Levi duvarın yanında duruyordu, iki avucu duvara dümdüz bastırılmış, başı dünyanın tüm ağırlığı omuzlarındaymış gibi öne eğilmişti. İki imkânsız seçenek arasında kalmış bir adam gibi görünüyordu.
Gözlerimi Lennox'a çevirdim. Penceredeydi, kolları göğsünde sıkıca kavuşturulmuş, sırtı bana dönüktü. Omuzlarının gergin duruşundan, her şeyi içinde tuttuğunu biliyordum—öfkesini, acısını, utancını.

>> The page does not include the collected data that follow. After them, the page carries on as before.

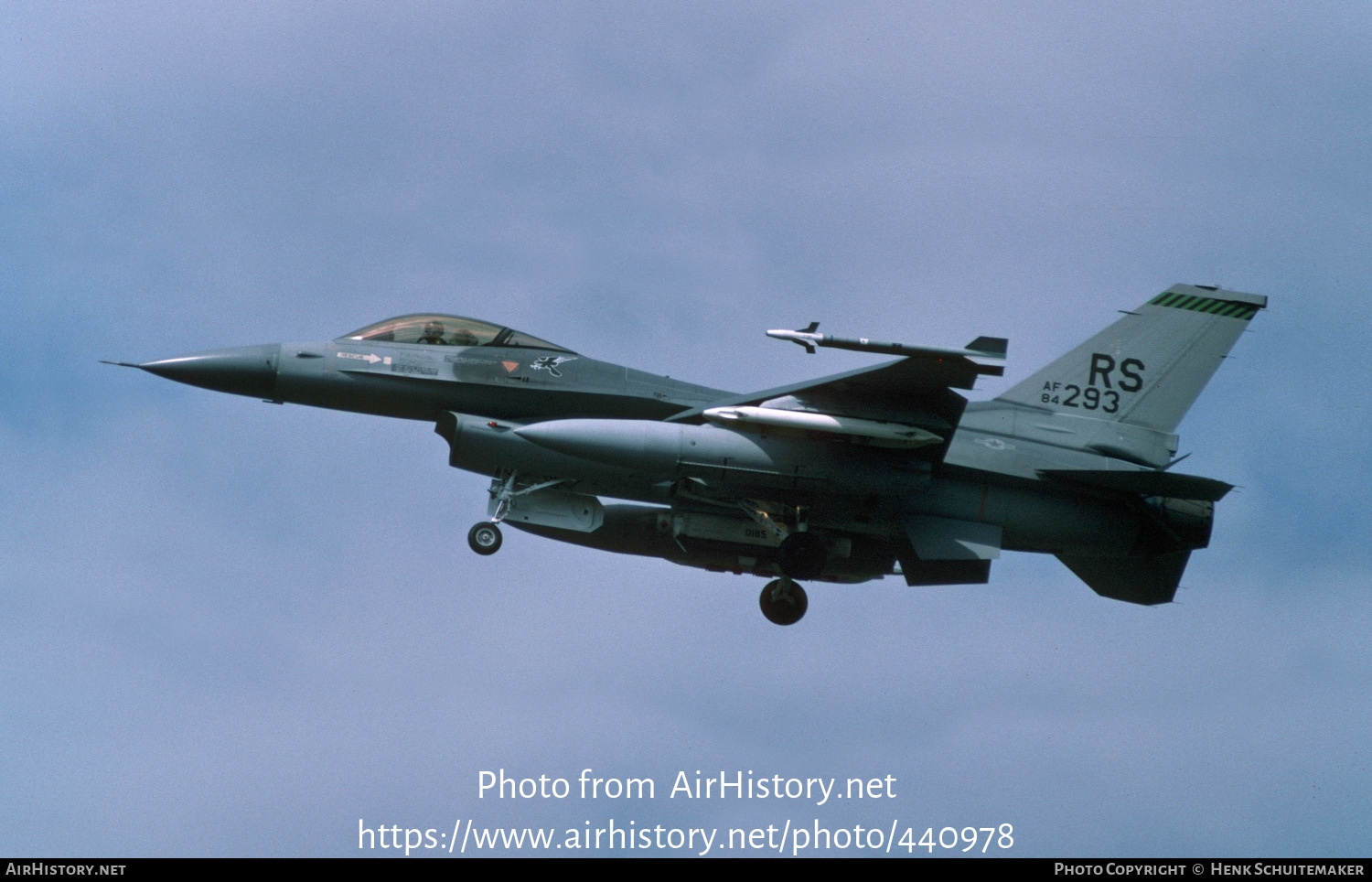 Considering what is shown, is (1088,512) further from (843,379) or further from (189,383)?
(189,383)

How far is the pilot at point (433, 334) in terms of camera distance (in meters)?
19.7

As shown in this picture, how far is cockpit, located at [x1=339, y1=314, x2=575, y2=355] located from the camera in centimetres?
1962

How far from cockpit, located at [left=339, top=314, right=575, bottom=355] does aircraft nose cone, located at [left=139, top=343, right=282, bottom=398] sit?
3.71 feet

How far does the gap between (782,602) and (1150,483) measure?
5.52 metres

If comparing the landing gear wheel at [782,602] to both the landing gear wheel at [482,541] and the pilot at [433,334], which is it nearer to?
the landing gear wheel at [482,541]

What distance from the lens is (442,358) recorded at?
19453 mm

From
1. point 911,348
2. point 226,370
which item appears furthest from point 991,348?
point 226,370

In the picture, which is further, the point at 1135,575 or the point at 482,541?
the point at 1135,575

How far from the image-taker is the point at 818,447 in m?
18.8

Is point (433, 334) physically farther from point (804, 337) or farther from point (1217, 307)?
point (1217, 307)

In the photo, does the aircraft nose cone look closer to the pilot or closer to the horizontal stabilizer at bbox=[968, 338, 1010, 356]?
the pilot

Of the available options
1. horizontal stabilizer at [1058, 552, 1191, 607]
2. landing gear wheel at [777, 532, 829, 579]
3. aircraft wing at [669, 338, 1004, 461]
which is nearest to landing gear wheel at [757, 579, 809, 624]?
landing gear wheel at [777, 532, 829, 579] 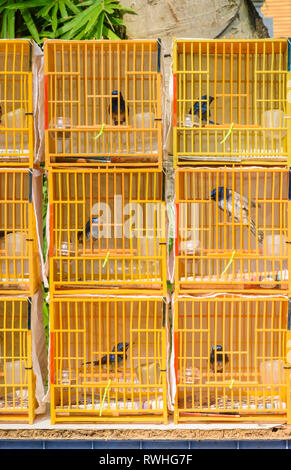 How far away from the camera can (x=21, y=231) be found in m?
2.23

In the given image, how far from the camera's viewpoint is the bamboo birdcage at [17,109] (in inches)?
85.8

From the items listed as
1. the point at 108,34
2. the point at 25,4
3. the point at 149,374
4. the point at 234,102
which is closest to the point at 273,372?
the point at 149,374

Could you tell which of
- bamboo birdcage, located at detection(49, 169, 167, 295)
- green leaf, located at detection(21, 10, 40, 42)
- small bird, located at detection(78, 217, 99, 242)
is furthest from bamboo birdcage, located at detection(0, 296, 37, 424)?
green leaf, located at detection(21, 10, 40, 42)

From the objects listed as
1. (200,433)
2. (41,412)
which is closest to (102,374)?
(41,412)

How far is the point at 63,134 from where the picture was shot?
86.1 inches

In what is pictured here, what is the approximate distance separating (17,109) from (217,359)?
1476 mm

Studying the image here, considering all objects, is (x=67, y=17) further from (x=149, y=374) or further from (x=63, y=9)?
(x=149, y=374)

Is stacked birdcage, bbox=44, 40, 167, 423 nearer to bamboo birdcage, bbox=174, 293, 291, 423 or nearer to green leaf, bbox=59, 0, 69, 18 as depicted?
bamboo birdcage, bbox=174, 293, 291, 423

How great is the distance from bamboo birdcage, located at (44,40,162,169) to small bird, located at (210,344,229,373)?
863 millimetres

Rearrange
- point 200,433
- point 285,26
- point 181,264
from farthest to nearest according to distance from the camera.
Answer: point 285,26, point 181,264, point 200,433

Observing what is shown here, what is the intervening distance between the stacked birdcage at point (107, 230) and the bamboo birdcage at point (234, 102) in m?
0.13

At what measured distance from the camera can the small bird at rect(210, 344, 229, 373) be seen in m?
2.24

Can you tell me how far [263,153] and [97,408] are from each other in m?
1.35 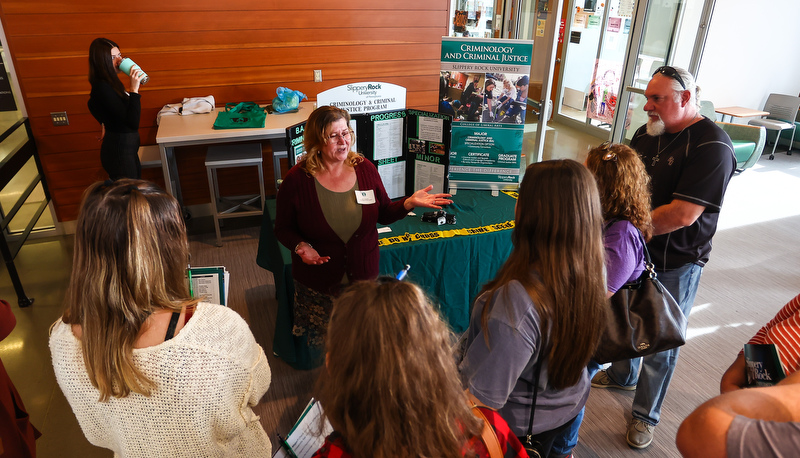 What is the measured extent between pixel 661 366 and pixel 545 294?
137 centimetres

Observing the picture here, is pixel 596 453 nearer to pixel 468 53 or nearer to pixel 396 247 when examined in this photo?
pixel 396 247

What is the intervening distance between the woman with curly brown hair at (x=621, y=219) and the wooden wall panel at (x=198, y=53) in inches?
149

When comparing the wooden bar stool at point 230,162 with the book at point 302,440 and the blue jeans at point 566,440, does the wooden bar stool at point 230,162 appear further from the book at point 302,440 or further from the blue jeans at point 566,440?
the blue jeans at point 566,440

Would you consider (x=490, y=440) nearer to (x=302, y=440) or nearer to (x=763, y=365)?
(x=763, y=365)

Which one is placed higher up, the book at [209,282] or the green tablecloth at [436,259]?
the book at [209,282]

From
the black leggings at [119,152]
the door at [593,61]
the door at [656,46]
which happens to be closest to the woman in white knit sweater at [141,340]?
the black leggings at [119,152]

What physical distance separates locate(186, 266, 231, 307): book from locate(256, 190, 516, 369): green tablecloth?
101 centimetres

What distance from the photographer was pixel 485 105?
3229 mm

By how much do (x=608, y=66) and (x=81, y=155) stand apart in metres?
6.82

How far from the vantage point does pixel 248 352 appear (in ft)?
3.87

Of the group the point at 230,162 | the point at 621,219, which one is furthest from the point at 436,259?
the point at 230,162

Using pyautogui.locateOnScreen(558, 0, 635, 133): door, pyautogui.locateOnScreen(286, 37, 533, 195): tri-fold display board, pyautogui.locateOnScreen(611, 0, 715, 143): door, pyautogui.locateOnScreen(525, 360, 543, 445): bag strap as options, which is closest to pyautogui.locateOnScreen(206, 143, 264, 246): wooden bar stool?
pyautogui.locateOnScreen(286, 37, 533, 195): tri-fold display board

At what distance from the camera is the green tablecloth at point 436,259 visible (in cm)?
264

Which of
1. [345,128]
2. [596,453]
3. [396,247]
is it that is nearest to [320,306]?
[396,247] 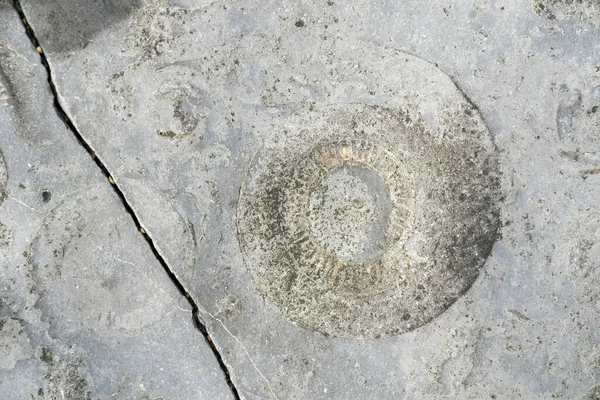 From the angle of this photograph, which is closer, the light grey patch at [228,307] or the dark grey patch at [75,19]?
the dark grey patch at [75,19]

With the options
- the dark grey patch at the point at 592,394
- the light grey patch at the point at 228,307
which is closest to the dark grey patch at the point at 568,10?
the dark grey patch at the point at 592,394

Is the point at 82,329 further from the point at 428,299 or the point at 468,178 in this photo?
the point at 468,178

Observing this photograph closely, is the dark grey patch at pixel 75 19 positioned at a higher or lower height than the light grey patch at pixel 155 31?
lower

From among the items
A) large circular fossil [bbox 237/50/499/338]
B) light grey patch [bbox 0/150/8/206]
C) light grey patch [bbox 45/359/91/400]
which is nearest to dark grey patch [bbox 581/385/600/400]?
large circular fossil [bbox 237/50/499/338]

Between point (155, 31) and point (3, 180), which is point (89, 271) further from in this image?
point (155, 31)

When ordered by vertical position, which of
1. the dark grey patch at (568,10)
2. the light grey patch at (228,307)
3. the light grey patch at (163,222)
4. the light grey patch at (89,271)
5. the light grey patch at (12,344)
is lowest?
the light grey patch at (12,344)

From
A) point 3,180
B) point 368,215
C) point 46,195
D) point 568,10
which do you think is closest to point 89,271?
point 46,195

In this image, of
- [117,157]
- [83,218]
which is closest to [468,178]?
[117,157]

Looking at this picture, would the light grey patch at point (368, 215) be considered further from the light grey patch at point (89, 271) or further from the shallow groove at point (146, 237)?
the light grey patch at point (89, 271) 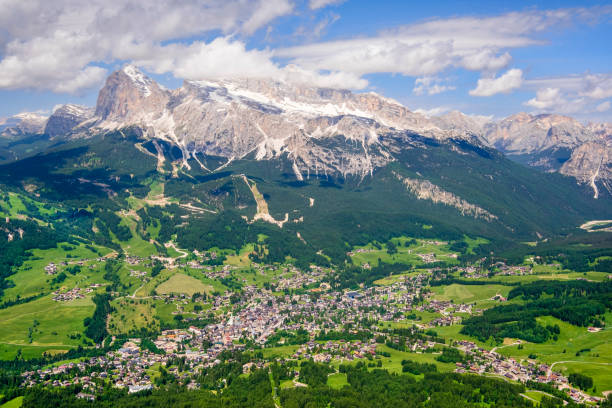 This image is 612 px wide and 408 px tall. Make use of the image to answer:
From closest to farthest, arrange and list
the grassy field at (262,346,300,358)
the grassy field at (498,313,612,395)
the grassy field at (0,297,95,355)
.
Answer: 1. the grassy field at (498,313,612,395)
2. the grassy field at (262,346,300,358)
3. the grassy field at (0,297,95,355)

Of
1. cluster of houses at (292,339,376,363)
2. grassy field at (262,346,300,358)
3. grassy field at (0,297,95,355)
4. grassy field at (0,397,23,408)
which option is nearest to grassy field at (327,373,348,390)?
cluster of houses at (292,339,376,363)

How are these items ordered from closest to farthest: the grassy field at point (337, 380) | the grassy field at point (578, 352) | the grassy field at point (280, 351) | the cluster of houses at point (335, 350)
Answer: the grassy field at point (337, 380) → the grassy field at point (578, 352) → the cluster of houses at point (335, 350) → the grassy field at point (280, 351)

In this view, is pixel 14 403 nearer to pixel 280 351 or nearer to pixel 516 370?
pixel 280 351

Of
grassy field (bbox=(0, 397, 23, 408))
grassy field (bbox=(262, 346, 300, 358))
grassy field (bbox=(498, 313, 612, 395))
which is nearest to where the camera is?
grassy field (bbox=(0, 397, 23, 408))

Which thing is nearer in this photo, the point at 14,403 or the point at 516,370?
the point at 14,403

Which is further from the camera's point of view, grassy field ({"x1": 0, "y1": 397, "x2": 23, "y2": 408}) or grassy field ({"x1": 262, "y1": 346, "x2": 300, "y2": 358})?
grassy field ({"x1": 262, "y1": 346, "x2": 300, "y2": 358})

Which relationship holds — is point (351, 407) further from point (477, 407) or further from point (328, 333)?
point (328, 333)

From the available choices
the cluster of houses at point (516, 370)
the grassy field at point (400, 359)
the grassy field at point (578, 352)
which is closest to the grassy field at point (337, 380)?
the grassy field at point (400, 359)

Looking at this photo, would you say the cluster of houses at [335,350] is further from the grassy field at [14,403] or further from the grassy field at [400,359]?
the grassy field at [14,403]

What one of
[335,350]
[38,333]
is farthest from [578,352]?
[38,333]

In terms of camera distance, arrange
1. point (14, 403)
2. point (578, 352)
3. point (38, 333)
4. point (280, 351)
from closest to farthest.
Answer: point (14, 403) < point (578, 352) < point (280, 351) < point (38, 333)

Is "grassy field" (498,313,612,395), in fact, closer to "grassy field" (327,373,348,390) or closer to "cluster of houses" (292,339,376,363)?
"cluster of houses" (292,339,376,363)

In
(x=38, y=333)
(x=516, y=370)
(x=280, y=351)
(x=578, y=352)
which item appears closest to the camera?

Birbirimizi anlamak için kelimelere ihtiyacımız yoktu. Onların hissettikleri her ne ise... ben de aynısını hissediyordum. Pişmanlık. Kafa karışıklığı. Onu kaybetmenin verdiği acı.
Ama sonsuza dek böyle durup kalamazdık.
Birinin konuşması gerekiyordu. Ve onlar konuşmayacağı için, ben konuştum.
"Sizin de ona itiraf mektubu gönderdiğinizi bilmiyordum," dedim sessizce, sessizliği bozarak.